米津:一貫して“遠くに行きたい”というのを基本理念にしているので、僕の音楽を好きでいてくれる人は、たぶん振り回されていると思うんです。そこはもう、ついてきてください、と言うしかなくて。みんなから好かれるためにはどうしたらいいか、ということはすごく考えているけれど、音楽を作っている者として、そればかりではしょうがない。まずは自分が好きなものを作りたいし、その時々によるとは思いますけど、それが聴いてくれる人のためにもなるんじゃないかって。
(取材=神谷弘一/構成=橋川良寛)
■リリース情報
米津玄師 ニューシングル『LOSER/ナンバーナイン』
発売:9月28日(水)
LOSER盤(初回限定)
【CD+ドッグタグ+ルーズパッケージ】
¥1,950(+tax)
ナンバーナイン盤(初回限定)
【CD+DVD+7inchサイズ ギャラリーパッケージ】
¥1,800(+tax)
通常盤
【CD】
¥1,200(+tax)
<収録曲>
1.LOSER
2.ナンバーナイン
3.amen
※初回特典(全形態共通)
「米津玄師 2016 TOUR / はうる」チケット最速先行応募券封入
応募期間:9月27日(火)12:00~10月2日(日)23:59
応募制限:1公演につき2枚まで
<特典概要>
TSUTAYA Records全店(一部店舗除く):LOSERクリアロゴステッカー(TSUTAYA ver.“YELLOW”)

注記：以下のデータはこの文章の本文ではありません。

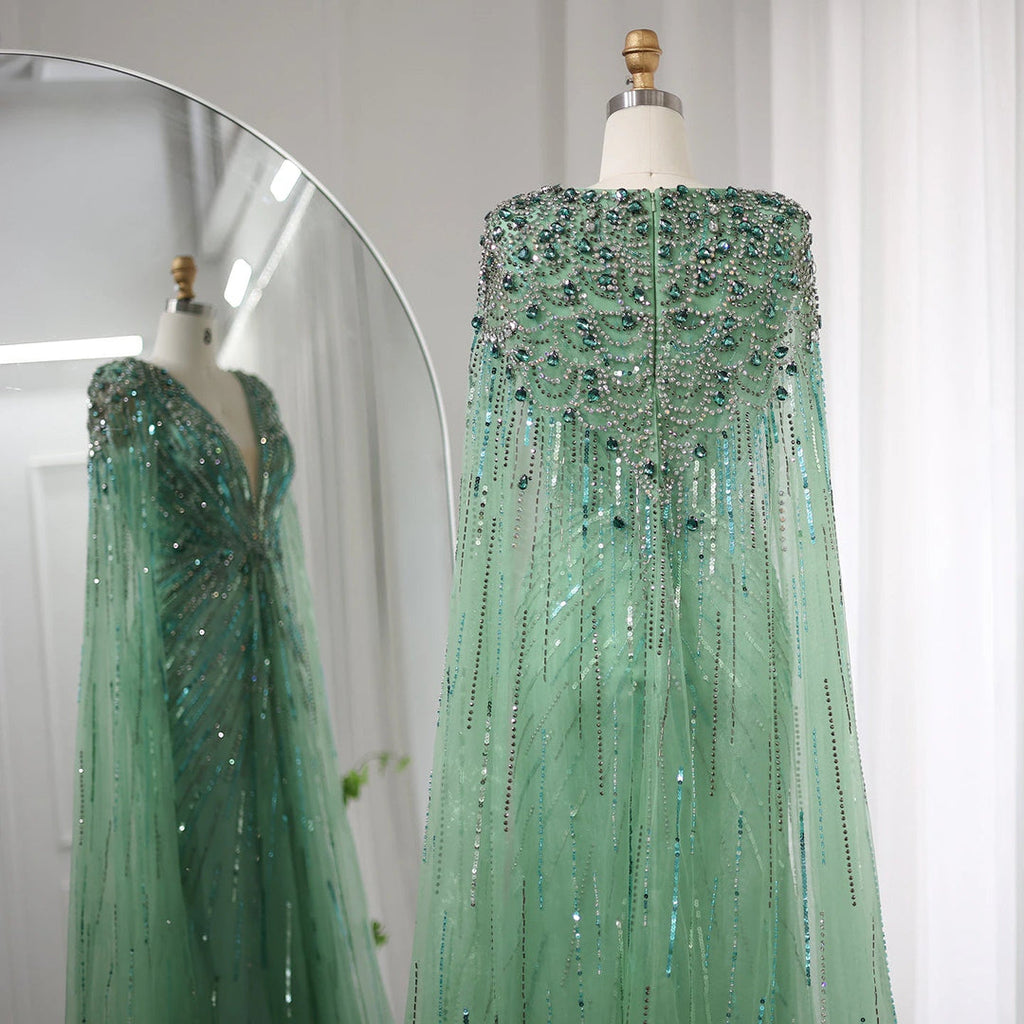 Luxury Crystal Cape Sleeve Evening Gown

HMV全店(一部店舗除く):LOSERクリアロゴステッカー(HMV ver.“PINK”)
アニメイト全店(一部店舗除く):LOSERクリアロゴステッカー(アニメイト ver.“BLUE”)
『LOSER/ナンバーナイン』応援店舗(店舗詳細は公式HPでご確認ください):オリジナルLOSERステッカー
※特典は「先着」となり、数に限りがあります。一部の店舗/ECサイトでは特典が付かない場合がございます。
ご予約ご購入の際は、特典の有無を必ず店頭/ECサイトでご確認下さい。
■Sony Music Shop
・LOSER盤 初回限定(CD+ドッグタグ+ルーズパッケージ)
・ナンバーナイン盤 初回限定 (CD+DVD+7inchサイズギャラリーパッケージ)
・通常盤
■amazon
・LOSER盤 初回限定(CD+ドッグタグ+ルーズパッケージ)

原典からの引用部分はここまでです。